What to do:
An unchanged copy of each entry below is needed; keep the pictures out of it.

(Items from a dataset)
+++++
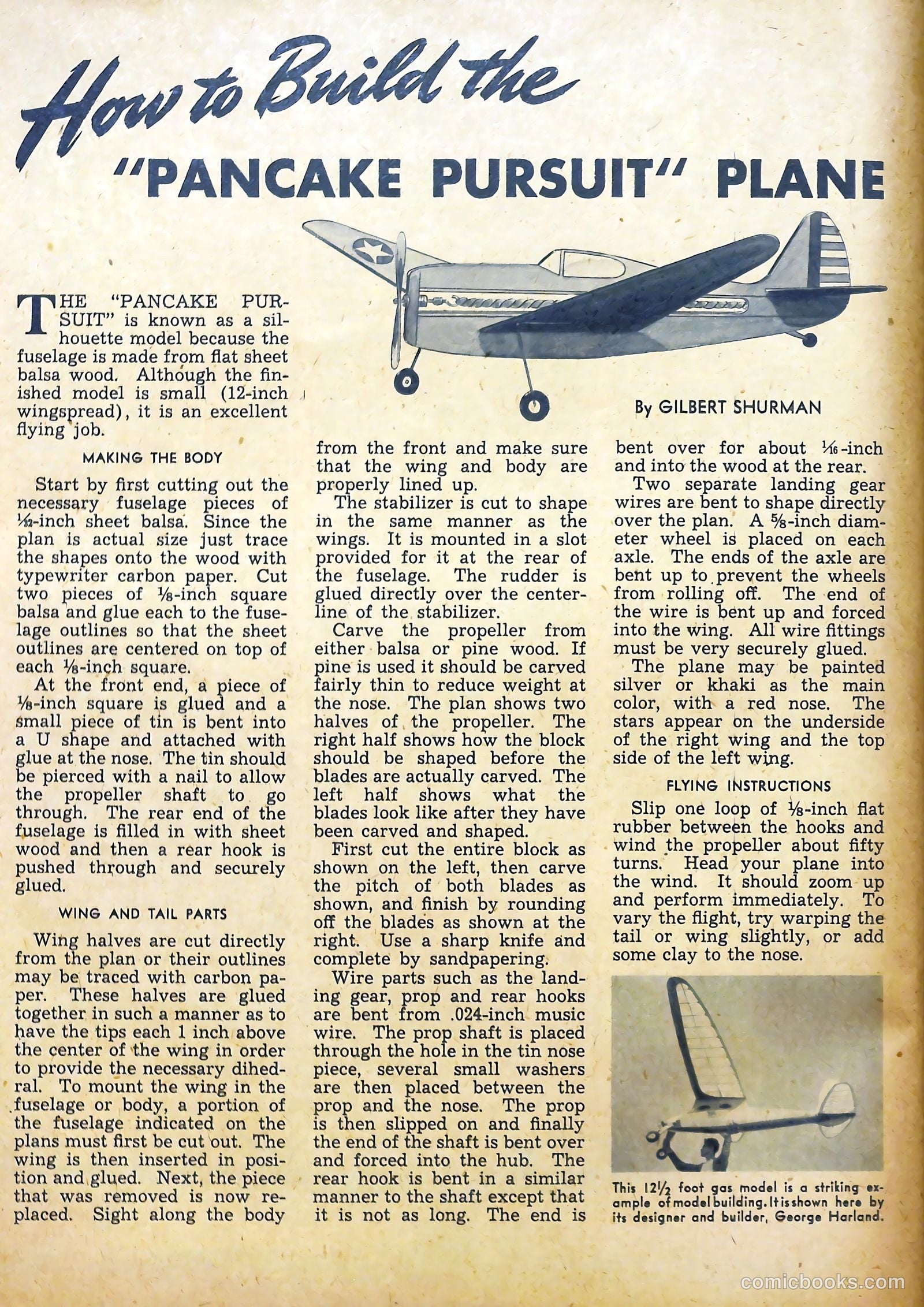 True Aviation Picture-Stories #3 — page 40 of 63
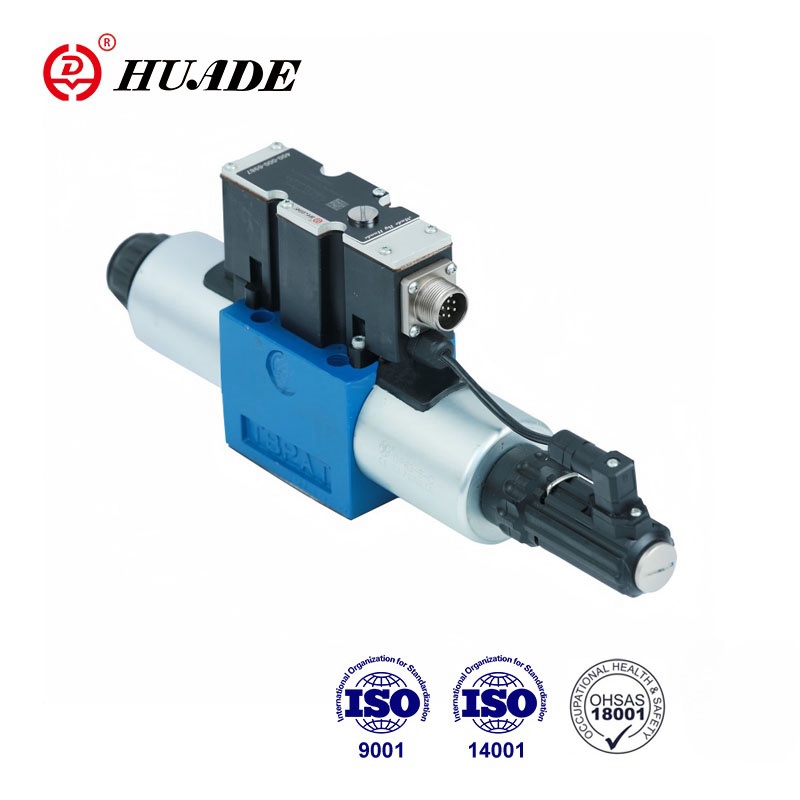 အချိုးကျ Directional Valve 4WRE-2X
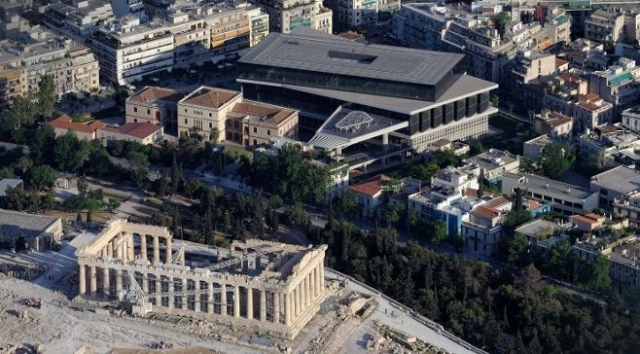 Новый музей Акрополя в Афинах
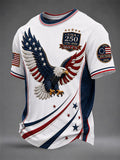 Men's Vintage USA 250th Anniversary Graphic T-Shirt
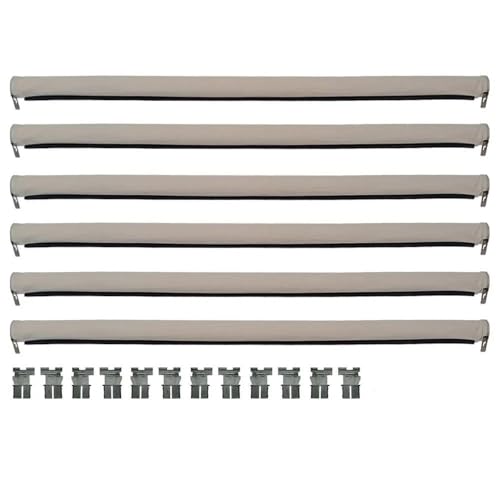 Pare-soleil panoramique Seat Leon 2011-2017 avec tube plastique beige x6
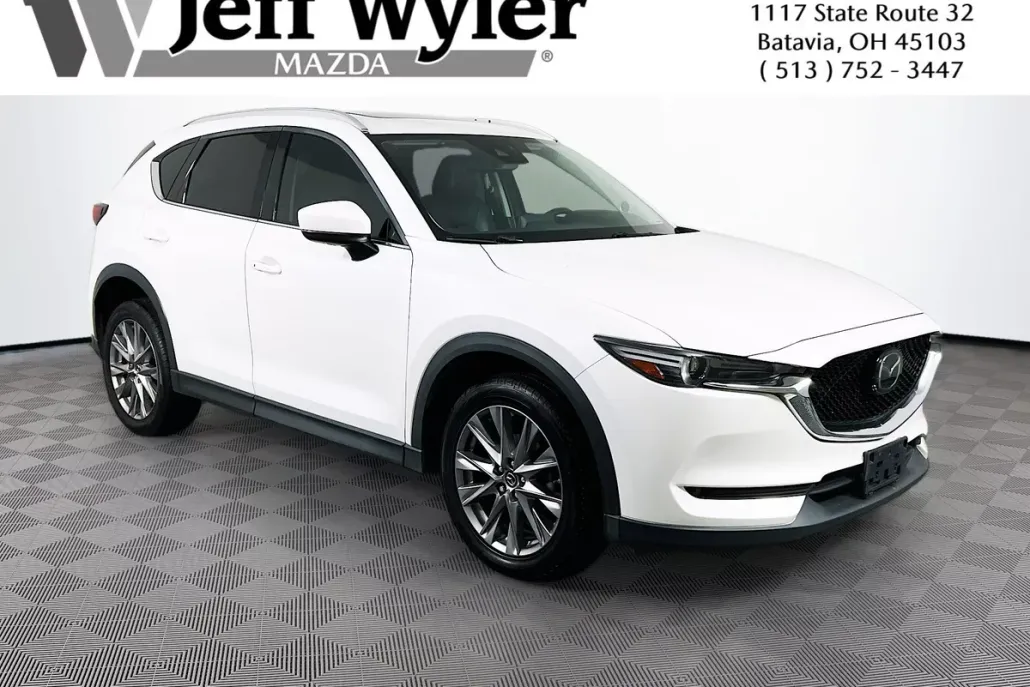 2019 Mazda CX-5 Grand Touring photo 1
+++++
Response:
 True Aviation Picture-Stories #3 — page 40 of 63
 အချိုးကျ Directional Valve 4WRE-2X
 Новый музей Акрополя в Афинах
 Men's Vintage USA 250th Anniversary Graphic T-Shirt
 Pare-soleil panoramique Seat Leon 2011-2017 avec tube plastique beige x6
 2019 Mazda CX-5 Grand Touring photo 1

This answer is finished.